Szczenięta są super, to czysta karta! Glina do ulepienia, diament do oszlifowania! Wszystko super, ale co, jeśli nie mam szlifierki? (albo tegokolwiek, czym się szlifuje diamenty). Jestem osobą, która zdecydowanie wybrałaby dorosłego psa, gdyby nie kot, którego reakcji się bałam. Czysta karta jest ok, to prawda, ale ta czysta karta oznacza też, że psa trzeba nauczyć dosłownie wszystkiego - wszystkiego, wliczając w to wspólne życie. Wiecie, co mam na myśli? Chodzi mi o to, że szczeniak nie potrafi nawet zostać sam, bez zaalarmowania całej okolicy (przynajmniej mój szczeniak!).

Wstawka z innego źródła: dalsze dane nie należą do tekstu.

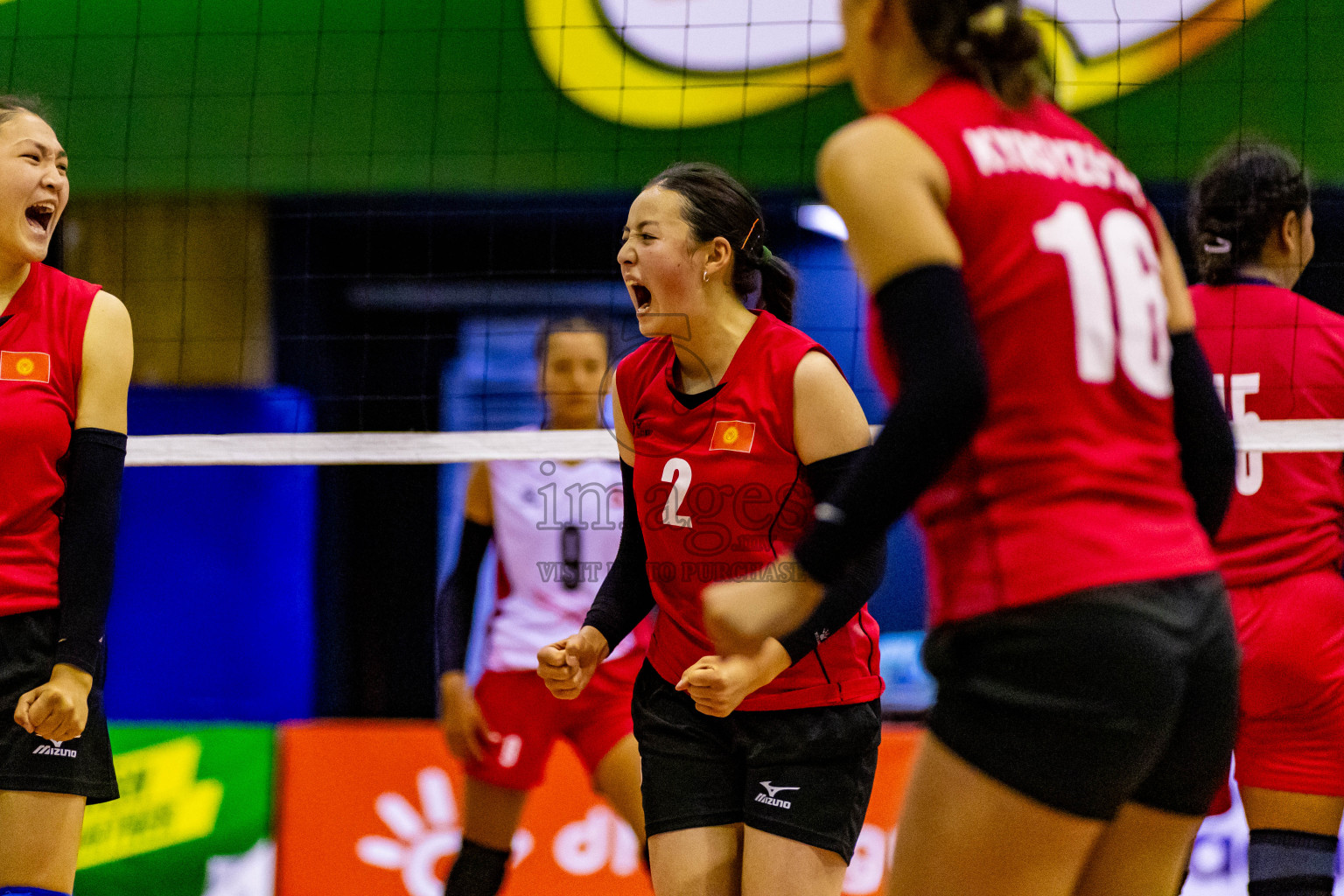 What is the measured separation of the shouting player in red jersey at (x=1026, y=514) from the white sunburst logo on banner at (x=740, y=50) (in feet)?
14.3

WIEM. WIEM, ŻE ZNOWU WYCHODZI ZE MNIE KRYSTYNA, ale ja to nic w porównaniu do mojej siostry, która kiedy Panda była mała, próbowała mi ją z rozpaczy sprzedać. 


DSC_0397

A Wy? Lubicie szczeniaki, czy wolicie dorosłe psy? Myślicie, że przesadzam, a te małe kreaturki to sama słodycz?


*a może i Wy nie lubicie?

 

15 comments:

  1. Mimo wszystkich kup, wyrzuconych dywanów, osikanych podłóg i zjedzonych ścian zawsze wybiorę szczeniaczka. Najbardziej chyba sprawiało mi radość patrzenie na te małe kluski i myślenie 'nie mogę się doczekać żeby zobaczyć co z tego wyrośnie!'. I wyrosło. Dzisiaj ma rok. Od 3 w nocy na mnie szczeka i wyje. Bo tak. Nie wiem. Dostał jeść, zrobił te swoje kupy, obsikał ulubione krzaki, ale nie, on chce 'COŚ'. Uwielbiam szczeniaczki, no bo ej, mają słodkie noski.

    ReplyDelete
  2. Co masz za pieska? Nie wiem, jak czytam, że mają słodkie noski, to myślę: awwwww; ale potem patrzę w puste oczy mojego niszczyciela i ... dorośnij już!

    ReplyDelete
  3. Samoyed. Potrafi usiąść przede mną i po prostu się patrzeć. Nic więcej. Gapi się tymi swoimi wielkimi czarnymi pustymi oczami, a ta czarna pustka patrzy w ciebie. Powinnaś się cieszyć, że masz owczarka, one przynajmniej coś rozumieją i są kumate, te samojedy tylko się gapią. i drapią. po oku. w środku nocy. słodkie noski.

    ReplyDelete
  4. Hahahaha :D Pamiętaj, słodkie noski, urocze mordki, niezgrabny, zabawny chód.. I tak powtarzaj!

    ReplyDelete
  5. No i te puchate futerko! Ale serio, cokolwiek nie wyrośnie z tych czystych kart, zawsze możesz poklepać się po piersi z poczuciem dumy i powiedzieć 'to ja GO zepsułam, jest idealny'. Przy wzięciu dorosłego psa nigdy nie będziesz czuć, że te wszystkie problemy to Twoja zasługa. Po 3 latach wychowania ON, wystarczy, że spojrzę i wiem czego dokładnie chce, i wiem że to moja wina, że szczeka na mnie jak nie dostanie śniadania przed spacerem. A ja daję te śniadanie, bo jestem leniwa, a oduczenie rzeczy wymaga ciężkiej pracy.

    ReplyDelete
  6. Hahahahahaha! Nie pamiętałam, ze próbowałam Ci ja sprzedać, a faktycznie tak było!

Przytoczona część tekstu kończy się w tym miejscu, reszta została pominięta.